No BC, expectativas de inflação, hiato do produto, projeções e inflação corrente são avaliadas em conjunto, sem atribuir peso maior a um único fator. Para Guillen, mesmo que o modelo aponte inflação na meta, expectativas persistentemente acima dela exigem atenção, pois elevam o custo de desinflação e podem forçar a manutenção de juros altos por mais tempo.
Fórum JOTA
O encontro, que contou com a abertura de Diogo Guillen, segue com nomes como Guilherme Mello, secretário de Política Econômica do Ministério da Fazenda, Gustavo Guimarães, secretário executivo do Ministério do Planejamento, e Gleisi Hoffmann, ministra da Secretaria de Relações Institucionais do Governo. O objetivo é discutir a conjuntura e o futuro do Brasil com lideranças, e promover diálogo entre os setores público e privado.
Na abertura, Felipe Moreno, CEO do Jusbrasil Soluções, disse que há um encontro de valores entre JOTA e a empresa: “Promover o acesso à justiça, à segurança jurídica, e o acesso à informação qualificada é indispensável para o futuro do país”.

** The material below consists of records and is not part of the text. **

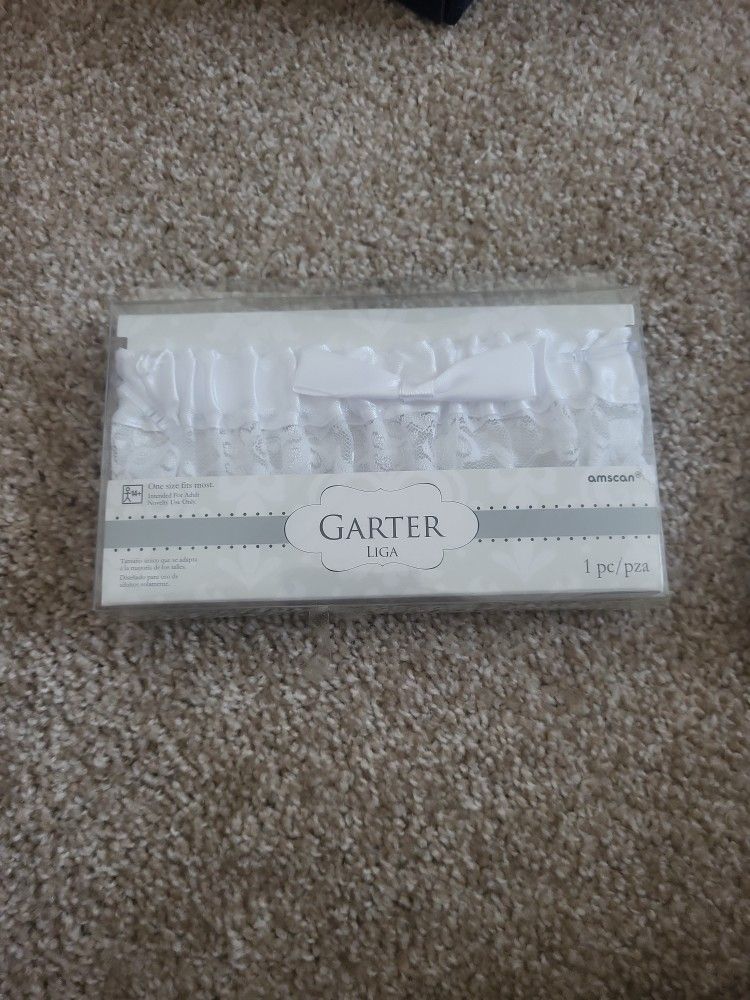 Wedding Garter And Pearl Hair Pins Pack Of 40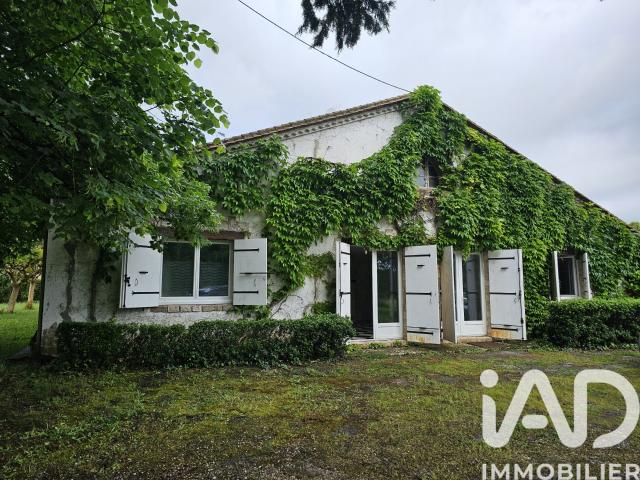 Maison 7 pièces 196 m²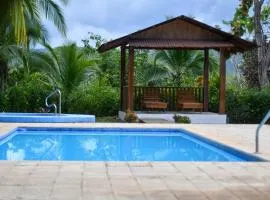 Tarcoles Birding Lodge、タルコレスのコテージ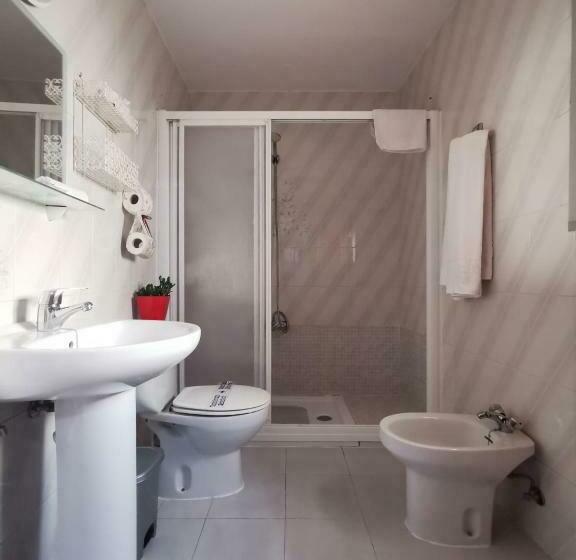 스탠다드 룸, Hostal Senero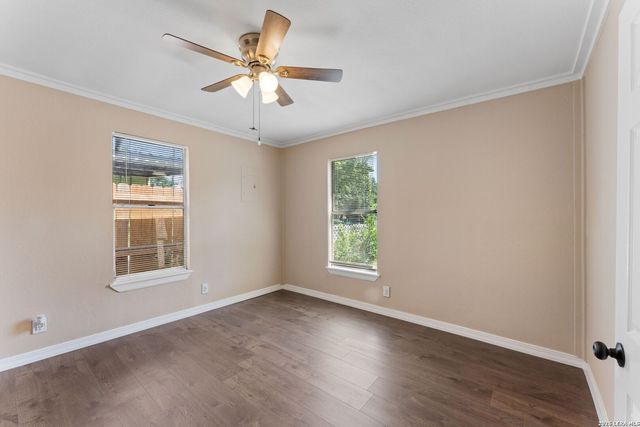 537 N San Gabriel, San Antonio, TX 78228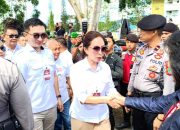 Ratusan Massa Kawal Pendaftaran Susi Sigar dan Perly Pandeiroth ke KPU Minahasa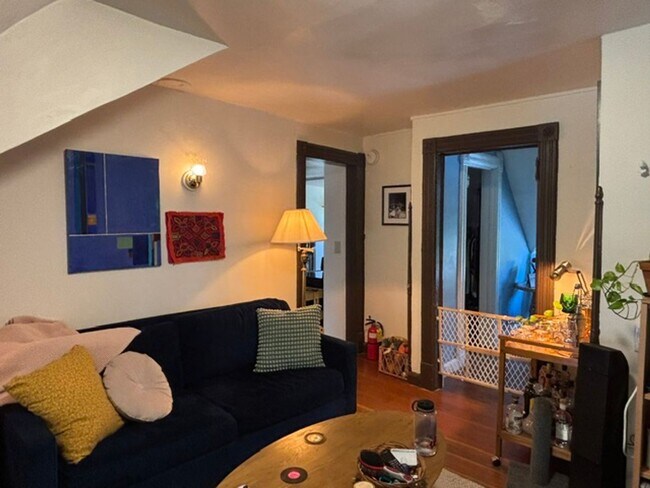 Photo - 427 6th St SE Unidad 4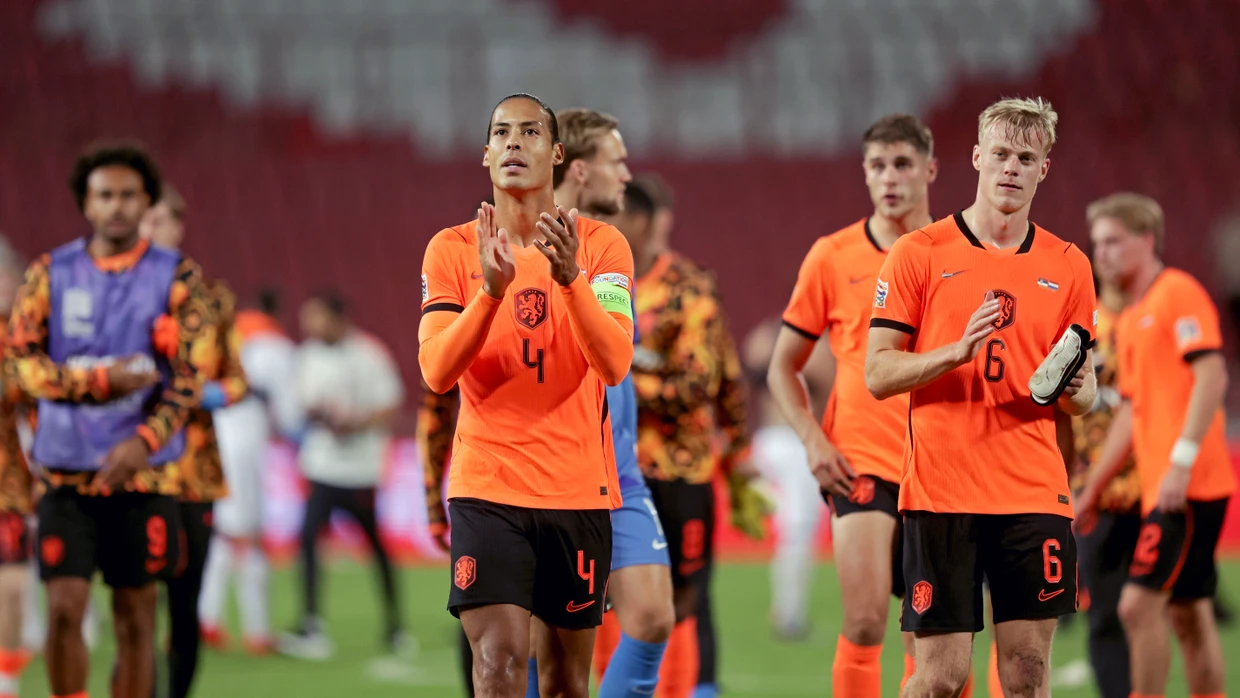 Virgil van Dijk (Mitte) und seine Mitspieler feiern den Sieg der Niederlande in Serbien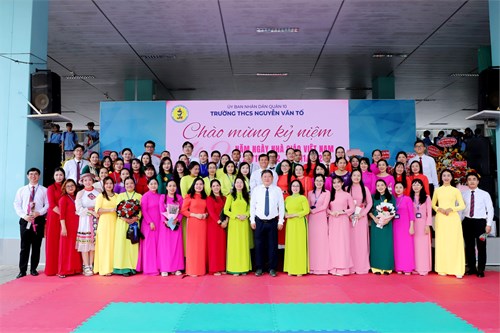 Chào mừng kỷ niệm 42 năm ngày Nhà giáo Việt Nam (20/11/1982 - 20/11/2024)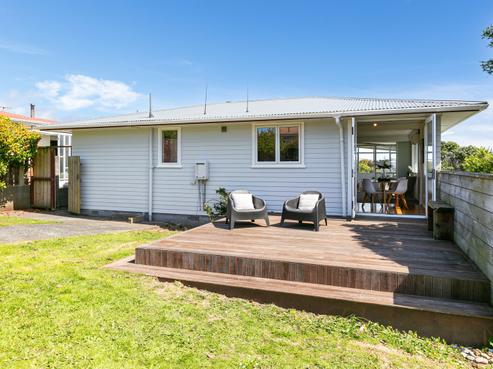 6 Brooker Grove, Newlands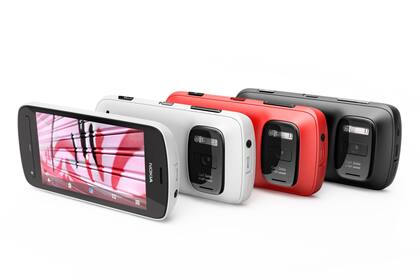 El 808 PureView (de 2012), con su lente de 41 megapixeles y flash Xenon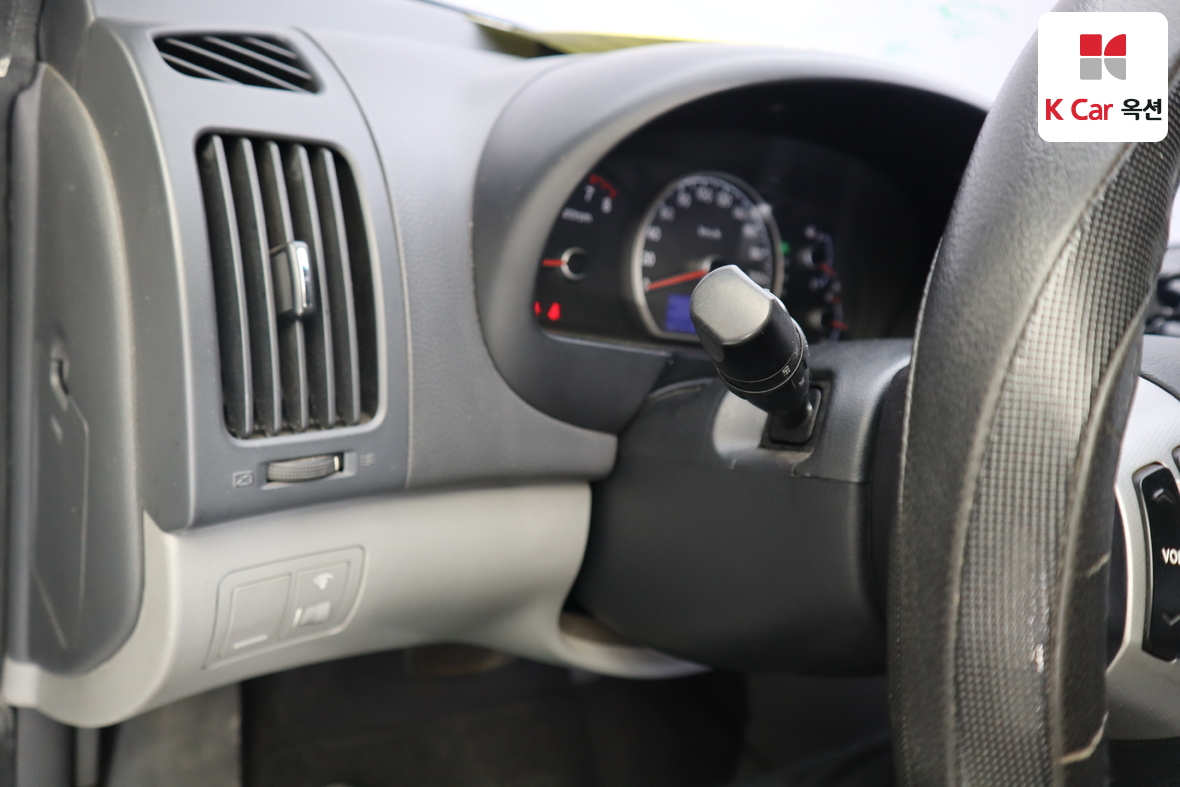 Hyundai Elantra 2007 - Image 9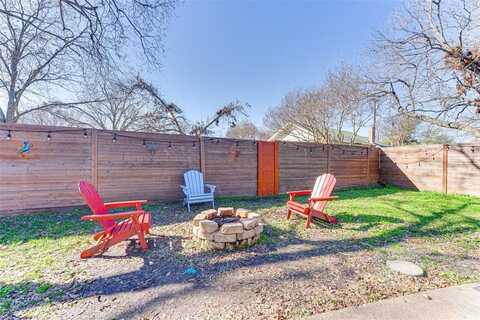 206 College Street, Forney, TX 75126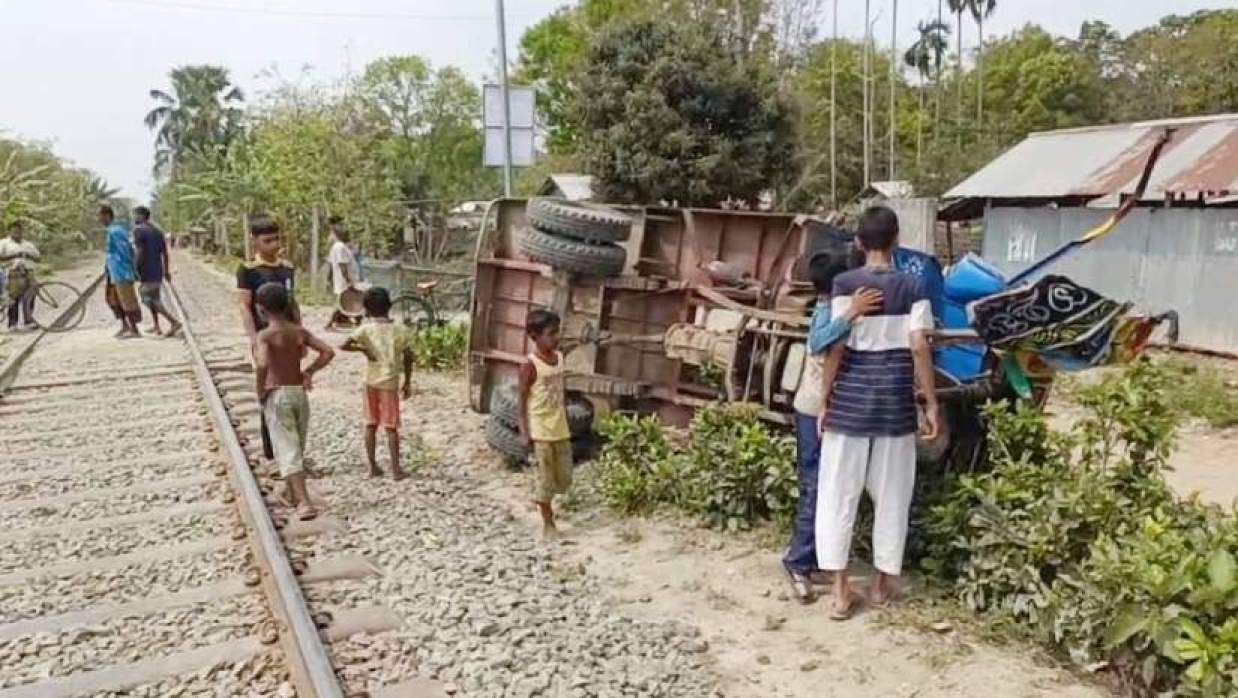 ট্রেনের ধাক্কায় উল্টে যাওয়া লাটা হাম্বা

Depois Alexandre Vitorino, diretor jurídico da Confederação Nacional da Indústria (CNI), um dos patrocinadores do Fórum, também teve a palavra. Para ele, uma das prioridades de diálogo para maior segurança jurídica nas áreas econômicas é o mercado de trabalho, com foco nas novas modalidades de trabalho. “As novas formas de trabalho não são formas de exploração, mas formas de diversificação”, disse. “O Brasil vem se adaptando a essa realidade, mas precisamos avançar”.